The Triumph of Easter
by: Dorothy Sayers
When Judas sinned, Jesus paid; He brought good out of evil, He led out triumph from the gates of hell and brought all mankind out with Him; but the suffering of Jesus and the sin of Judas remain a reality. God did not abolish the fact of evil: He transformed it. He did not stop the crucifixion: He rose from the dead.
"Then Judas, which had betrayed Him, when he saw that He was condemned,... cast down the pieces of silver in the temple, and departed, and went and hanged himself." And thereby Judas committed the final, the fatal, the most pitiful error of all; for he despaired of God and himself and never waited to see the Resurrection. Had he done so, there would have been an encounter, and an opportunity, to leave invention bankrupt; but unhappily for himself, he did not. In this world, at any rate, he never saw the triumph of Christ fulfilled upon him, and through him, and despite of him. He saw the dreadful payment made, and never knew what victory had been purchased with the price.

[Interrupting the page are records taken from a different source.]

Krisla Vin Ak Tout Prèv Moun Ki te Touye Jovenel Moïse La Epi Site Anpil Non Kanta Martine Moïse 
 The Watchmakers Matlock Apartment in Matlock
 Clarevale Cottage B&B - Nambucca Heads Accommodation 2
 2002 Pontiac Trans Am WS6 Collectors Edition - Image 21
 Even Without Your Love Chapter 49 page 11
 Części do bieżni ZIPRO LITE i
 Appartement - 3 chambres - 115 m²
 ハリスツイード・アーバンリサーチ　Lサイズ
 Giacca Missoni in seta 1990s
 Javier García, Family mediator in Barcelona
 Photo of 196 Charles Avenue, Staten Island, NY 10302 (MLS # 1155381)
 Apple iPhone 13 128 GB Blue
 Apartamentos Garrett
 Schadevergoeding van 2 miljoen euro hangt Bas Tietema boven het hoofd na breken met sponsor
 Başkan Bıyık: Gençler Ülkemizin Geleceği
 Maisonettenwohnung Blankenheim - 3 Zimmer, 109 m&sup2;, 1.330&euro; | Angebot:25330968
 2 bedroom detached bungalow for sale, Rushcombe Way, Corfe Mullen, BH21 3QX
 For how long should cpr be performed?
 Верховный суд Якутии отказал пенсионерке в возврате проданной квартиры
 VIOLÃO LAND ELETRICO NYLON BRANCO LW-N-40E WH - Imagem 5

All of us, perhaps, are too ready, when our behaviour turns out to have appalling consequences, to rush out and hang ourselves. Sometimes we do worse, and show an inclination to go and hang other people. Judas, at least, seems to have blamed nobody but himself, and St. Peter, who had a minor betrayal of his own to weep for, made his act of contrition and waited to see what came next. What came next for St. Peter and the other disciples was the sudden assurance of what God was, and with it the answer to all the riddles.
If Christ could take evil and suffering and do that sort of thing with them, then of course it was all worth while, and the triumph of Easter linked up with that strange, triumphant prayer in the Upper Room, which the events of Good Friday had seemed to make so puzzling. As for their own parts in the drama, nothing could now alter the fact that they had been stupid, cowardly, faithless, and in many ways singularly unhelpful; but they did not allow any morbid and egotistical remorse to inhibit their joyful activities in the future.
Now, indeed, they could go out and "do something" about the problem of sin and suffering. They had seen the strong hands of God twist the crown of thorns into a crown of glory, and in hands as strong as that they knew themselves safe. They had misunderstood practically everything Christ had ever said to them, but no matter: the thing made sense at last, and the meaning was far beyond anything they had dreamed. They had expected a walk-over, and they beheld a victory; they had expected an earthly Messiah, and they beheld the Soul of Eternity.
It had been said to them of old time, "No man shall look upon My face and live"; but for them a means had been found. They had seen the face of the living God turned upon them; and it was the face of a suffering and rejoicing Man.